BEGIN DATASET RECORDS

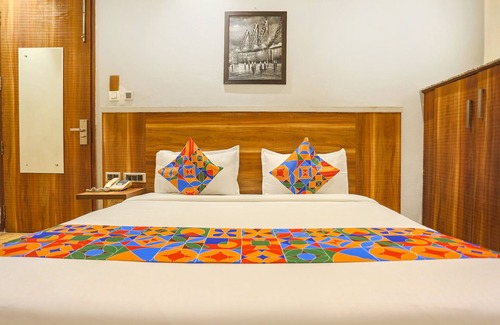 Patel Nagar Hotel | Fabhotel Royal Touch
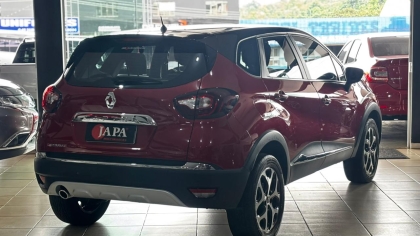 Renault CAPTUR 1.6 INTENSE CVT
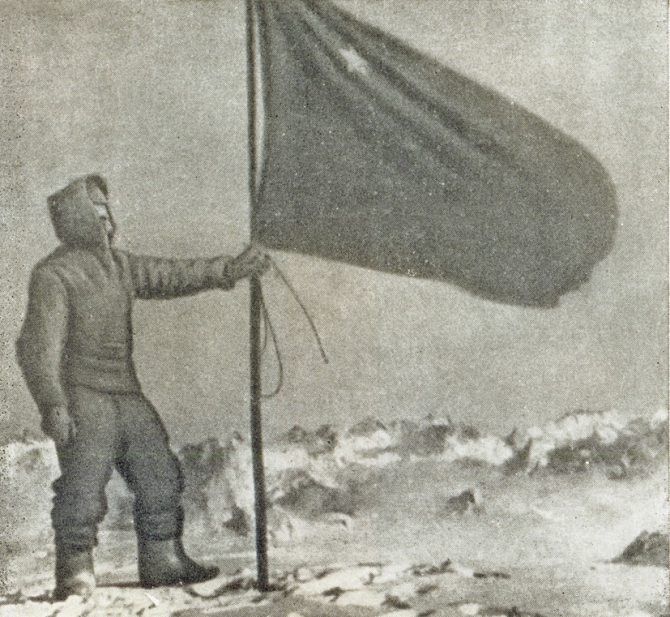 13 февраля 1943 г. На Западной вершине Эльбруса установлен флаг СССР. (Альпинизм, война на кавказе. н. гусак, а. гусев. флаги на эльбрусе)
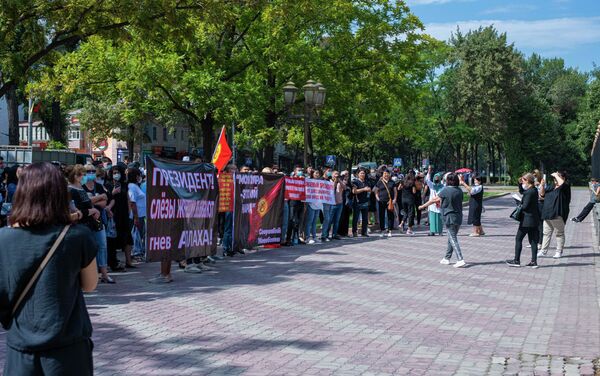 Арендаторы считают это несправедливым, поскольку годами вкладывали деньги в развитие и популярность бутиков, а соответственно и торгового центра Арендаторы считают это несправедливым, поскольку годами вкладывали деньги в развитие и популярность бутиков, а соответственно и торгового центра - Sputnik Кыргызстан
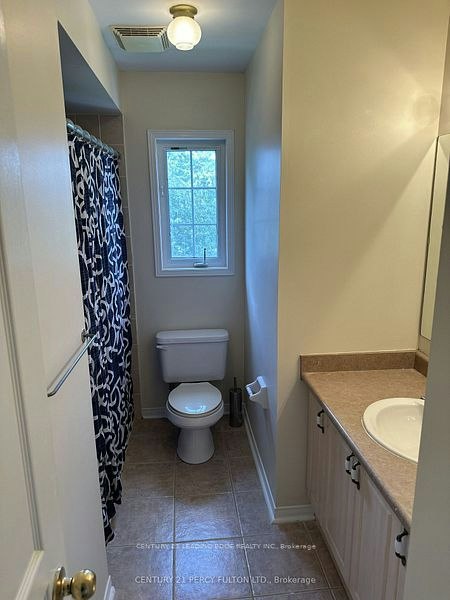 5960 Algarve Drive, Mississauga, ON, L5M 6Y7 - 8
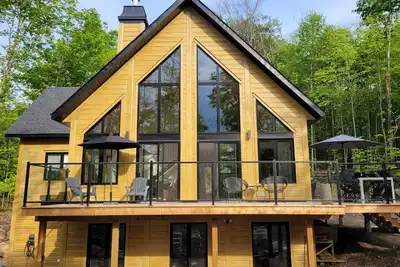 Image de Neuf, spacieux, lumineux, moderne, spa, 7 minutes du Mont-Tremblant Nord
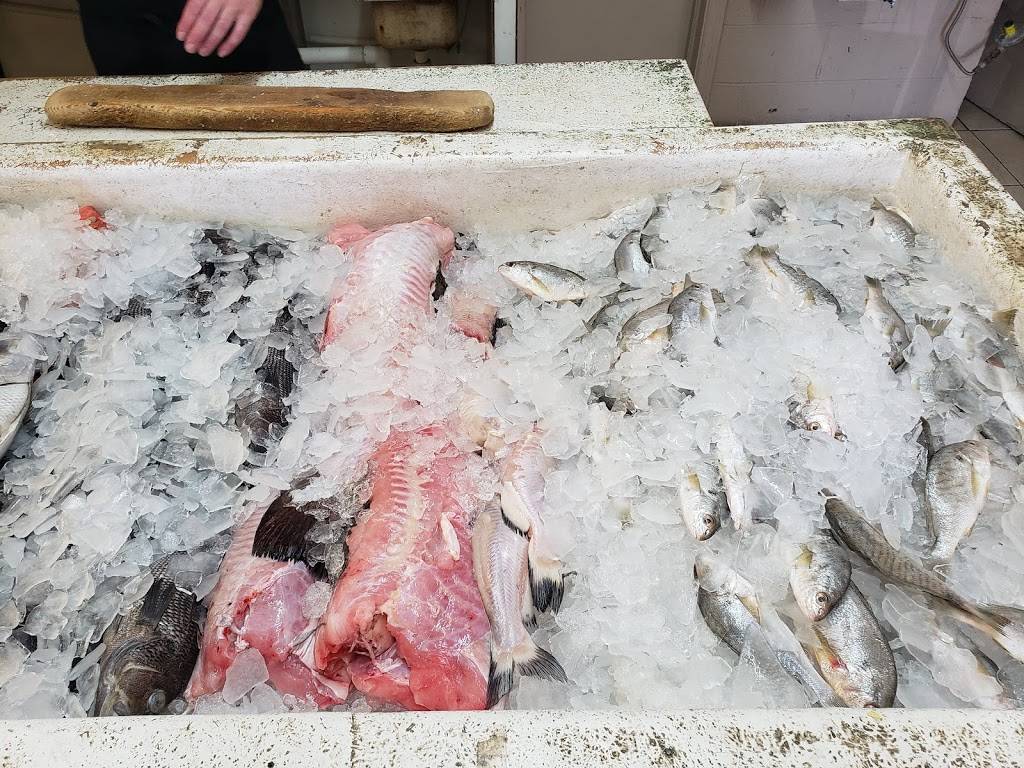 Shelleys Seafood | restaurant | 1515 3rd Ave, Conway, SC 29526, USA | 8432482640 OR +1 843-248-2640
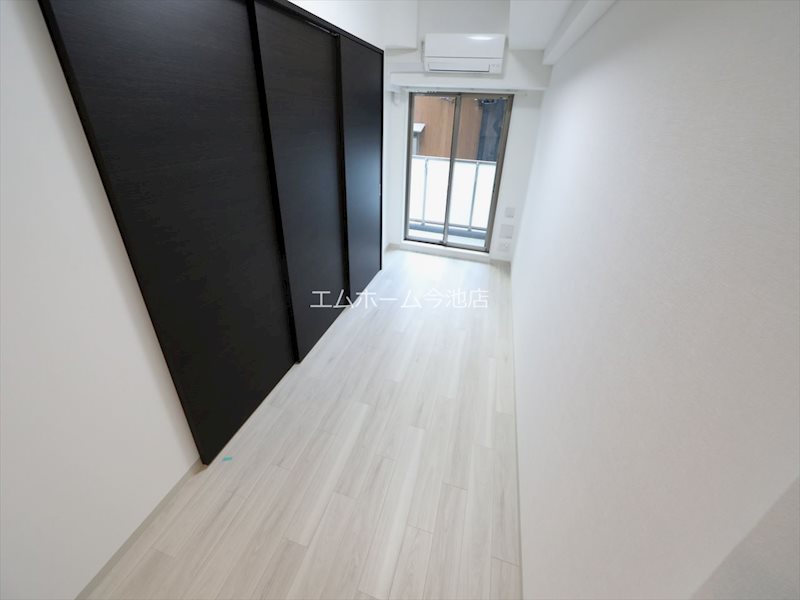 エステムコート名古屋葵 リビング
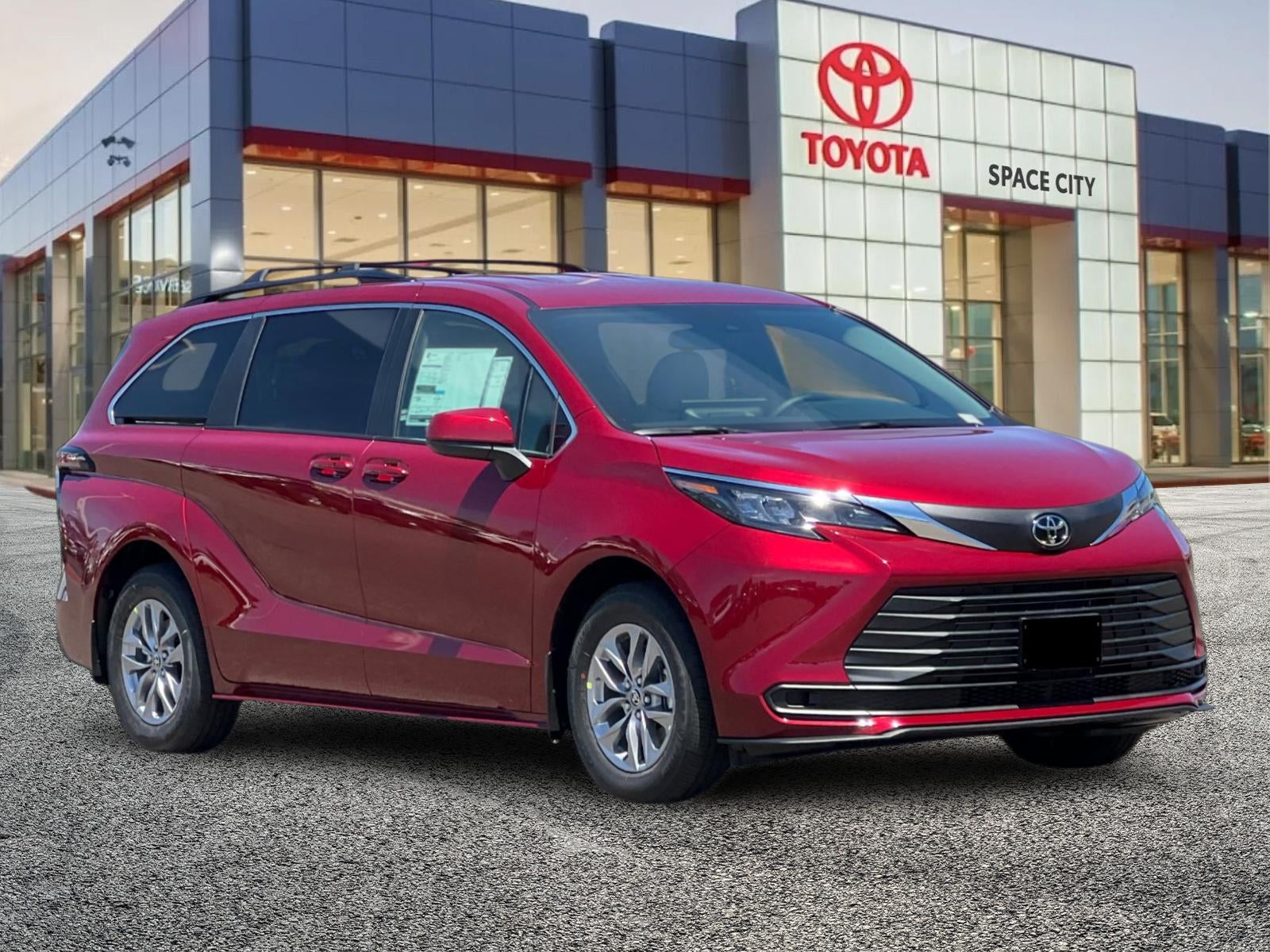 2026 Toyota Sienna LE
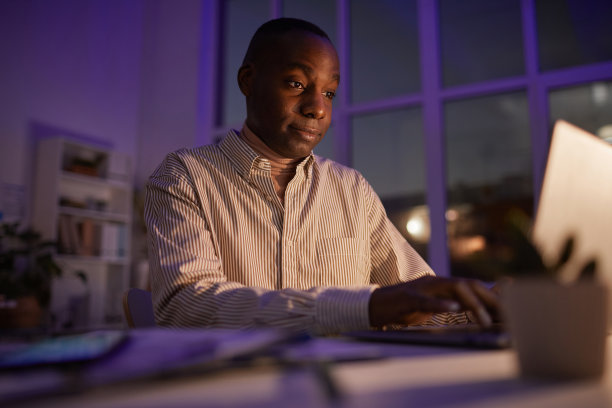 非裔美国人使用笔记本电脑图片下载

END DATASET RECORDS

:: WHAT YOU ARE ASKED TO DO ::
Print all the entries again exactly as written, but without the pictures.

:: RESPONSE BOX ::
 Patel Nagar Hotel | Fabhotel Royal Touch
 Renault CAPTUR 1.6 INTENSE CVT
 13 февраля 1943 г. На Западной вершине Эльбруса установлен флаг СССР. (Альпинизм, война на кавказе. н. гусак, а. гусев. флаги на эльбрусе)
 Арендаторы считают это несправедливым, поскольку годами вкладывали деньги в развитие и популярность бутиков, а соответственно и торгового центра Арендаторы считают это несправедливым, поскольку годами вкладывали деньги в развитие и популярность бутиков, а соответственно и торгового центра - Sputnik Кыргызстан
 5960 Algarve Drive, Mississauga, ON, L5M 6Y7 - 8
 Image de Neuf, spacieux, lumineux, moderne, spa, 7 minutes du Mont-Tremblant Nord
 Shelleys Seafood | restaurant | 1515 3rd Ave, Conway, SC 29526, USA | 8432482640 OR +1 843-248-2640
 エステムコート名古屋葵 リビング
 2026 Toyota Sienna LE
 非裔美国人使用笔记本电脑图片下载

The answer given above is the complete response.